Synod on Sports Bet Reform
The Dean’s Correspondence: to the Cathedral’s federal MP - 30 September 2025
I again assure you of our prayers for your work in Parliament, especially as Member for Sydney where our Cathedral is located.
I write to advise you of the resolution of the Synod of the Anglican Diocese of Sydney carried earlier in September. The Sydney Anglican Synod has representatives from over 250 parishes and several dozen Anglican Schools, as well as Anglicare, across Sydney, the Illawarra, Shoalhaven, Southern Highlands and Blue Mountains. So it is noteworthy that this resolution passed unanimously.
M40 Online Sports betting reform
Synod, noting that –
(i) more than two years have passed since the report ‘You Win Some, You Lose More’, into online sports betting, was handed down by the multi-partisan federal parliamentary committee, chaired by the late Peta Murphy,
(ii) the federal government has still not responded formally to this report, nor taken concrete steps to implement its 31 recommendations, particularly to ban advertising of online betting products,
(iii) the Australian Communications and Media Authority regularly issues breach notices to online sports betting companies for failing to protect individuals who have indicated they no longer wish to gamble,
(iv) in recent years, the NRL, AFL, and A-League have faced significant integrity breach allegations related to online gambling and corruption of match-fixing,
(v) recent research shows participation in online gambling among Australians is growing rapidly, along with rates of gambling harm, such that about 20 percent of young men (18-34) report some form of gambling harm,
(vi) research also shows that gambling advertising contributes to a desire in children to gamble when they become adults, that 30 percent of 12-17 year-olds have gambled, and that underage gambling is associated with greater harms in adult life,
(vii) there is disproportionate participation in online sports betting among people from lower socioeconomic backgrounds, where impacts can be more harmful, and
(viii) research continues to show that gambling addiction is strongly linked to homelessness, suicide, domestic violence, organised crime, family breakdown, and negative health and social outcomes for Indigenous and other Australians,
a) once again calls on the Prime Minister and his Government to put the welfare of youth and other vulnerable people ahead of profits for gaming barons and big sporting codes, by implementing all 31 recommendations of the ‘Murphy report’; in particular, that the Australia Government enforce a rapidly phased in ban on all forms of advertising for sports betting and other online gambling products,
b) requests the Archbishop to convey the content of this motion to the Prime Minister and federal Leader of the Opposition, and
c) encourages all concerned rectors and church members to write to their local federal MPs, urging them to advocate actively for their communities, privately and publicly, and for the implementation of effective harm minimisation methods for sports betting and other online gambling products.
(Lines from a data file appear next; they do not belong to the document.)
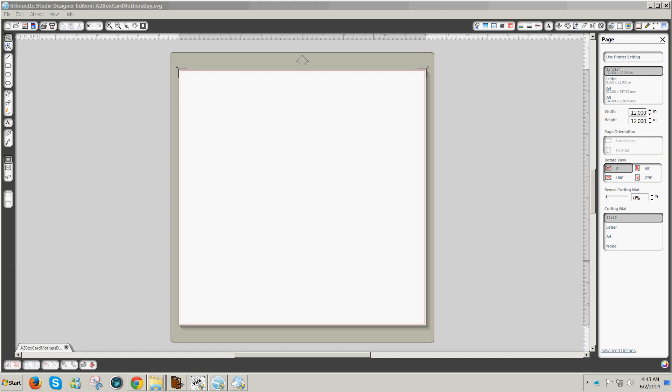Hello, this is Julie. Today I'm going to show you how to save a design from Silhouette Studio Designer Edition version 2.0 or 1.9 as an SVG.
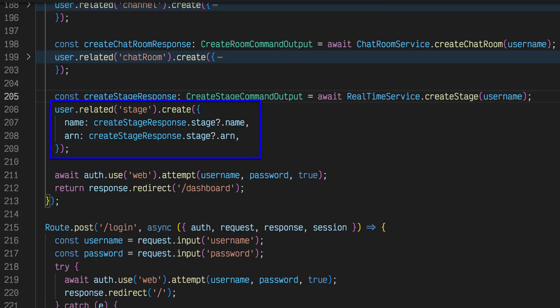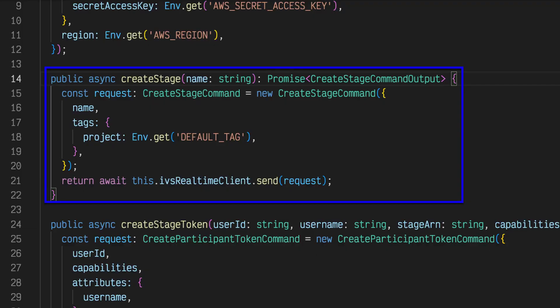To create a stage for the new user, we invoke the create stage method of the real-time service inside of the slash register endpoint handler. The create stage method uses the IVS real-time client from the AWS SDK for JavaScript and sends a create stage command.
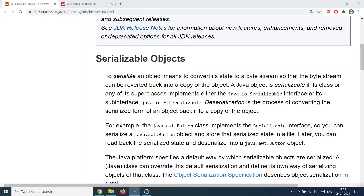Before we go further, let's understand why we need serialization. When building enterprise-grade applications, you will often have a use case where you need to send an object from one application to another deployed on a different machine. You may have a producer application and a consumer application — the producer sends the object over the network wires to the consumer. Since data travels as bytes over the network, you need to convert a Java object into bytes, send it, and then the consumer converts those bytes back into an object.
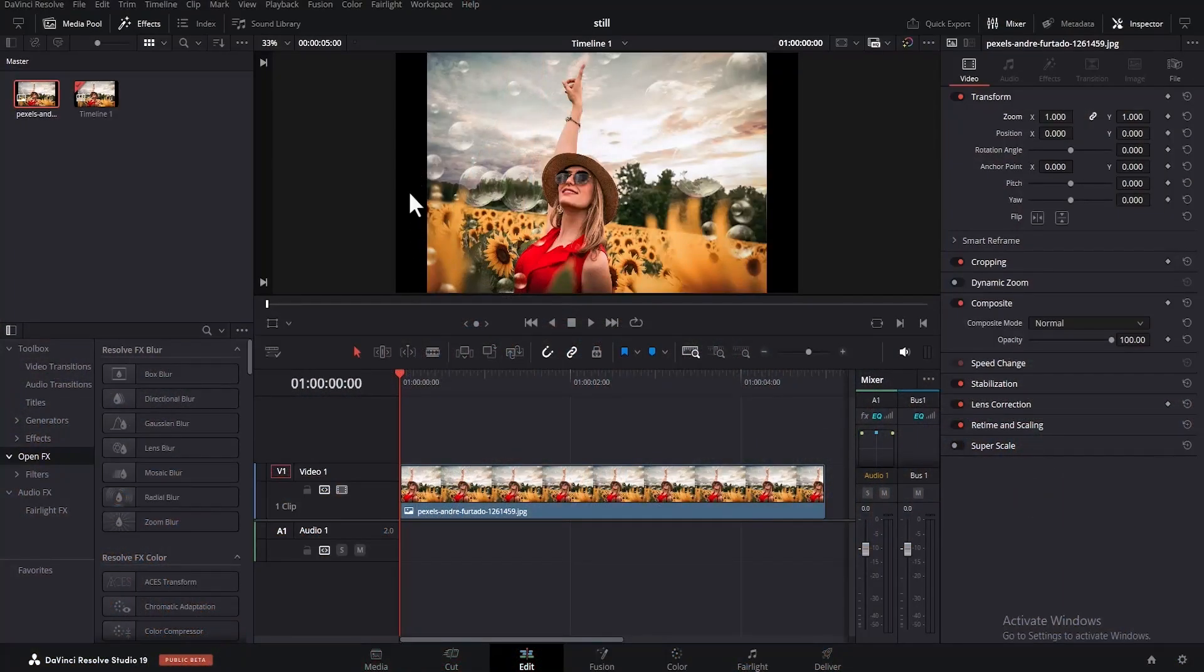For example, you can see these black bars by the left and right section of this video. There are three ways to take out black bars in DaVinci Resolve.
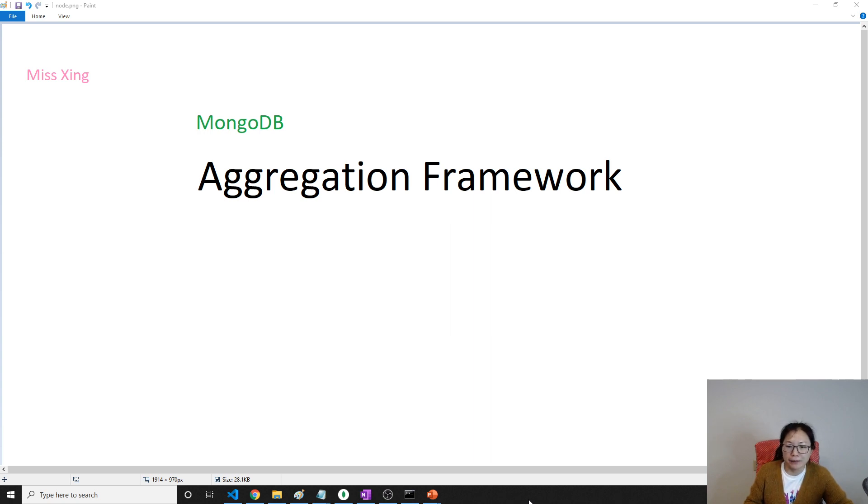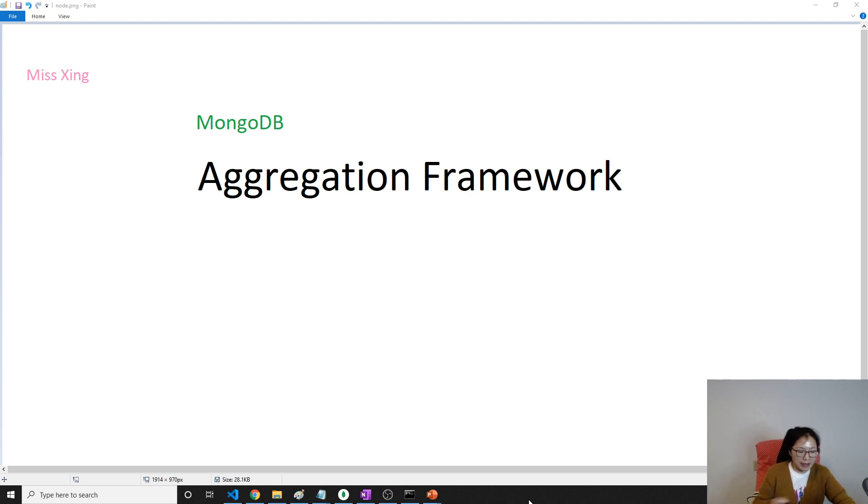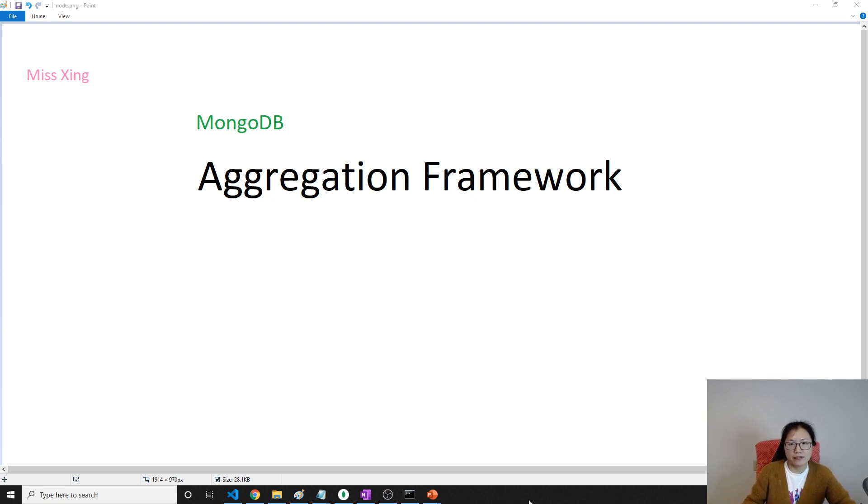And for the following videos I'm going to only introduce aggregation pipeline. Okay, so let's stop on this video and we continue with another video. Thank you for watching, bye bye.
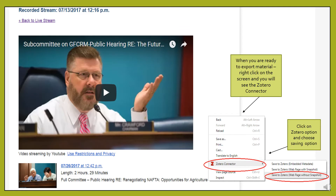Once I click on the link for the video of the hearing, I can give myself the opportunity to listen to the video, or if I am pressed for time, I can go ahead and export it into my Zotero account for later viewing.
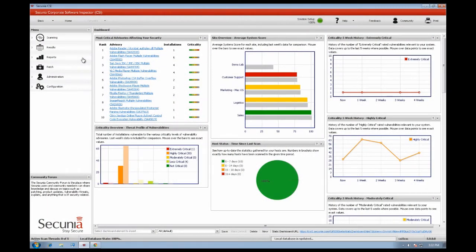Welcome to the Secunia Corporate Software Inspector 5.0, otherwise known as the Secunia CSI.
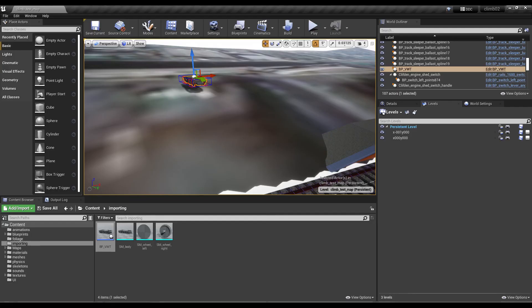To test the vehicle's physics, drag the vehicle blueprint into the main window and set it on a slope.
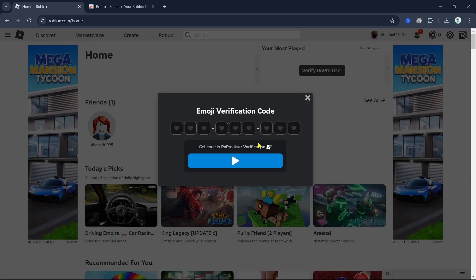Now you'll be asked to enter an emoji verification code. This is a nine emoji verification code.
In support of this motion, which I moved in the Synod, I repeat what I have written to you before.
The ALP Government to which you belong has only made fairly minor gambling harm reforms and has refused to supply its response to the recommendations of the ‘Murphy inquiry’.
As a pastor, who has been involved in gambling-harm reform for 15 years now, I am sick and tired of talking to those impacted by gambling harm… suicidal young men, families with their furniture being repossessed, shame-ridden debt-laden ordinary people from all strata of society, who have been hooked by predatory tactics, especially by online gambling and poker machines.
Online gambling products are the fastest growing cause of this misery. It puts a casino in your pocket.
And the sports betting is being normalised for our children and young people by the advertising and other marketing tactics they are constantly exposed to.
It will be to the ALP Government’s lasting shame if you fail to act on the recommendations of your own Labor parliamentarians, in incisive and unanimous cooperation with MPs from across the political spectrum.
But it is not too late to show some spine and to care for the needy in our community.
Please advise us urgently as to what the Government’s response will be, rather than regurgitating the very modest reforms enacted so far under the stewardship of Mr Albanese.